KOTS: managed Kubernetes ceph rook not available by default

Hi There,
We are planning to migrate to KOTS.
We are trying it out on DigitalOcean’s Managed Kubernetes. It is found that in managed Kubernetes KOTS won’t install the Ceph cluster. Is this the actual behavior or are we experiencing something strange?
If it is the actual behavior are we supposed to install Ceph rook following this and change default storage class to rook? or are we supposed to do something else?
I believe by default in replicated some of the components from the above Ceph rook installations will be skipped.

Hi Mani – great question.

Reason 1 – cluster operator domain

There are two methods for installing w/ KOTS, the “embedded cluster” where the https://kurl.sh platform brings everything needed for the cluster, including storage via rook ceph.

In the alternate mode “existing cluster”, which is what you’re doing when you install to a managed kubernetes provider, we expect the cluster operator (e.g. your customer) to bring resources for things like:

  • storage
  • networking
  • ingress

In short, you are shifting the burden of building/maintaining Kubernetes to your end customer, for those customers who want to use it.
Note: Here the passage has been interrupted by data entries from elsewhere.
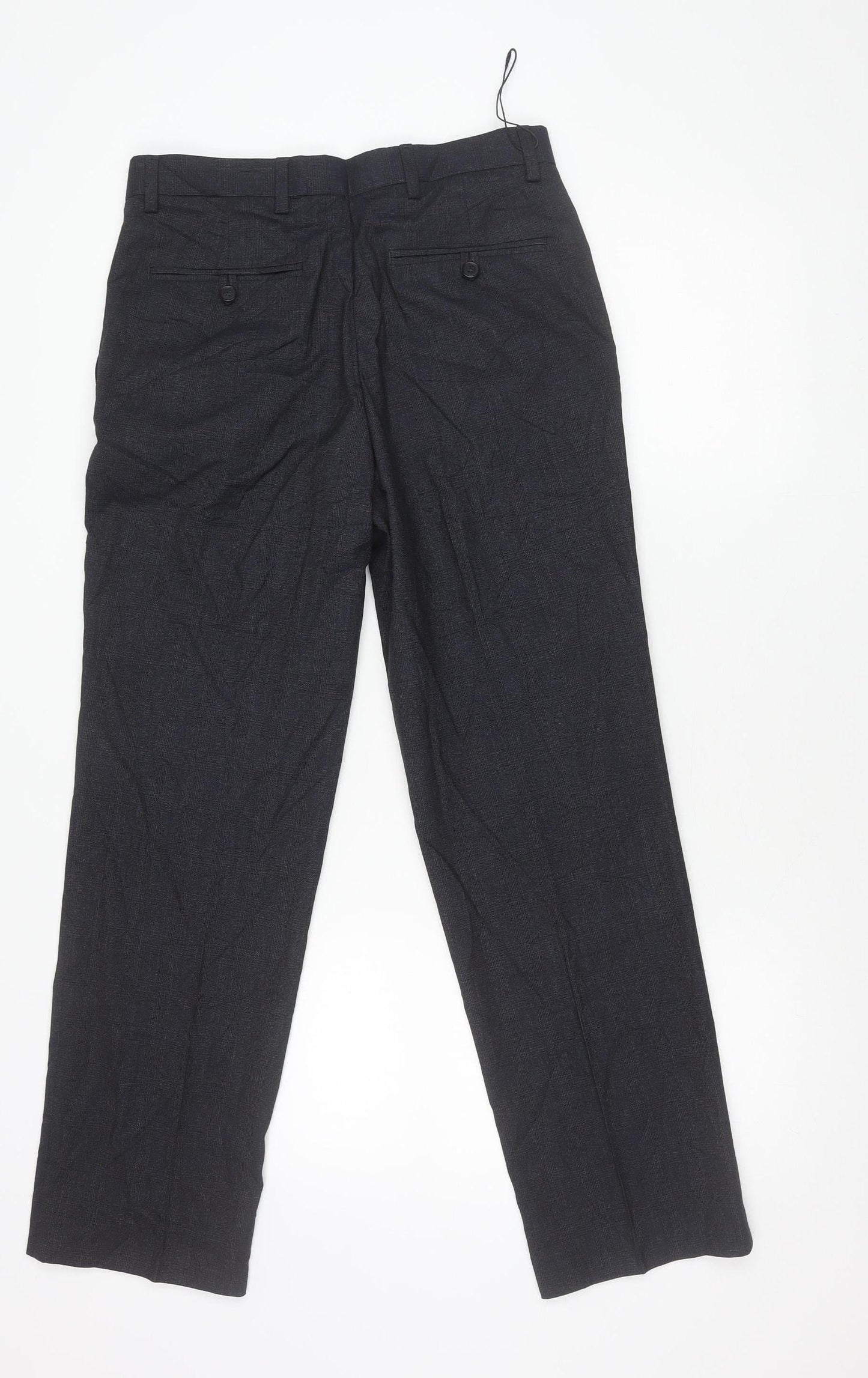 Marks and Spencer Men's Navy 30x29 Regular Fit Straight Leg Trousers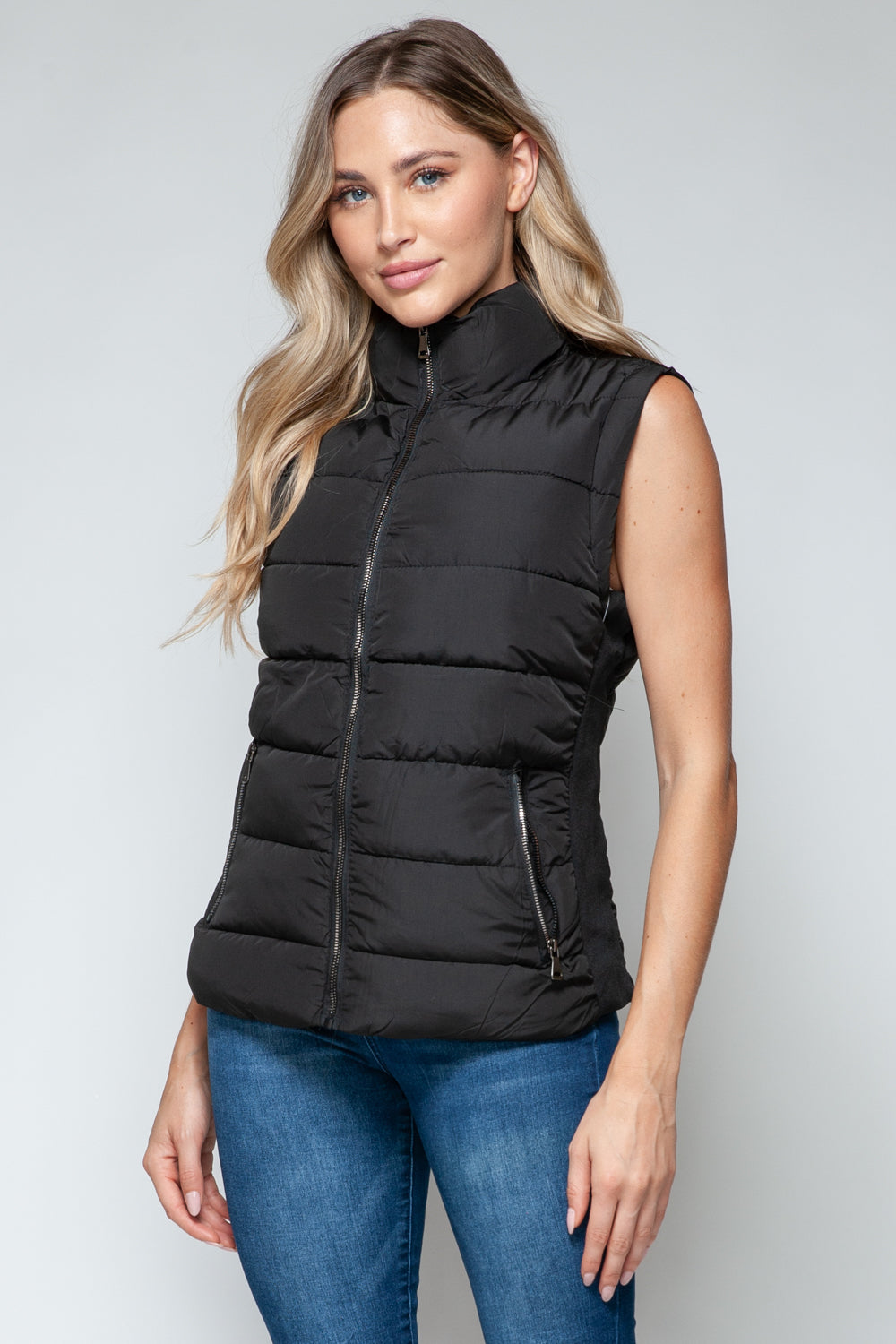 Zip Up Turtleneck Vest with Pockets in Black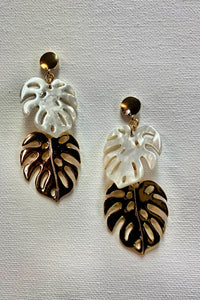 Monstera Gold and Pearl Earrings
For example, in AWS EKS, an EBS-based storage class is provided. In GCP, a Google-Cloud-Disk integration is made availble. We wouldn’t want to install something like rook-ceph when there’s a tight cloud-provider integration for storage.

Reason 2: Installation Requirements

This is especially true of rook-ceph as it requires privileged mode on any nodes that would provide rook-backed volumes in order to install special kernel-level integrations like rbd that are required to make ceph work. When installing into someone else’s cluster, we find that requiring privileged mode to modify nodes can create a lot of friction or be a total blocker to installing. We don’t have this problem in the “embedded cluster” since the user is bringing bare nodes and kURL is laying down the whole cluster.

Does that help with your question?

Yeah that helps.
Now it means we have to figure out how to create ReadWriteMany pvc’s on top of cloud provider’s storage classes. I think we might need rook for that. Isn’t it?

Hi Mani – yes if you need ReadWriteMany then you’ll need some kind of distributed filesystem. Rook can help with that, or EFS can be used in AWS, and I believe GCP and Azure also provide a NFS-as-a-service for this.

My real recommendation, however, would be to find a way to architect your app so that you don’t need ReadWriteMany volumes. A distributed multi-writer filesystem can be quite unstable depending on your scaling needs, and can quickly become difficult to maintain when you don’t have access to the infrastructure to debug. If you can swing it, building your app on an Object Store (S3-compatible API) is a much more performant and stable way to create a portable storage layer.

Thanks for the recommendation. It was really helpful. We will check those.